"J'ai lu ce livre quatre ou cinq fois, la
première à l'âge de quinze ans dans un état de surexcitation totale, la dernière tout
récemment, plongé dans un recueillement presque religieux. De lecture en lecture se
précisait l'essentiel. L'essentiel pour moi, s'entend. C'est vrai que les sonorités de
ce livre sont multiples et font vibrer de toutes les façons le courage, l'honneur, la
camaraderie, la foi et le dévouement; et beau, comme une aurore boréale, l'amour de
Faymé, la jeune tatare, et aussi la vengeance, la mort, l'abjection, le déchaînement
des laideurs humaines dans un océan de souffrances. mais moi, ce qui m'avait emporté
dès quinze ans et que je redécouvre intacte, c'est cette volonté étincelante de s'en
aller plus loin, toujours plus loin, d'effacer ses propres traces de telle sorte que nul
ne vous rattrape ou ne vous retrouve, d'oublier, de se faire oublier, d'immobiliser le
cours inexorable du temps, d'être à soi seul une unique lumière dans la nuit, dans le
chaos de l'humanité, jusqu'à ce que d'autres se rallument, espérance ou désespoir, qui
le sait?"
Sabitoïé "Sabitoïé, quelque part vers l'extrême Nord,
inconnu du monde et des hommes, et qui a perdu la notion du temps. la surprise et totale.
Sabitoïé est une sorte de minuscule paradis boréal, vivant ne parfaite autarcie : le
gibier dans la forêt, le poisson dans la rivière, des cultures et quelques prairies pour
le bétail cachées au sein de clairières invisibles. Sur le village règne l'Ancien, un
vieux sage. Le clocher de la petite église a un bulbe doré. On y prie Dieu le soir, en
commun, mais la cloche reste muette. On ne la sonne plus. D'autres pourraient
l'entendre. Car l'Ancien sait. Le chaos se rapproche. Kröger et lui forment un plan :
isoler totalement le village. On efface les sentiers, on les reboise, on ne laisse qu'une
trace imperceptible et embrouillée connue des seuls initiés. On en fabrique de plus
visibles à travers la forêt : elles conduisent à une mort certaine, en plein marécage.
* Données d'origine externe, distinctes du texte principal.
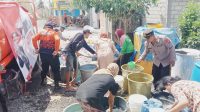 Sembilan Desa di Kabupaten Tulungagung Kekeringan, Polres Tulungagung Kirim 100 Truk Tangki Air Bersih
On utilise la rivière, avec des radeaux démontables, pour semer les chiens des
poursuivants, jusqu'à tel arbre particulier où, dissimulée sous un roncier, s'ouvre
l'ultime sente qui mène au village. Le camouflage est parfait. Sabitoïé s'est
retranché du monde tandis qu'éclate, vers le sud et l'ouest, le vacarme sanglant de la
révolution. Les autres envoient des patrouilles d'assassins aux lisières
lointaines du village. Des trappeurs de Sabitoïé, surpris, torturés, meurent dans
d'atroces souffrances, sans parler, sans trahir. Sabitoïé, village oublié."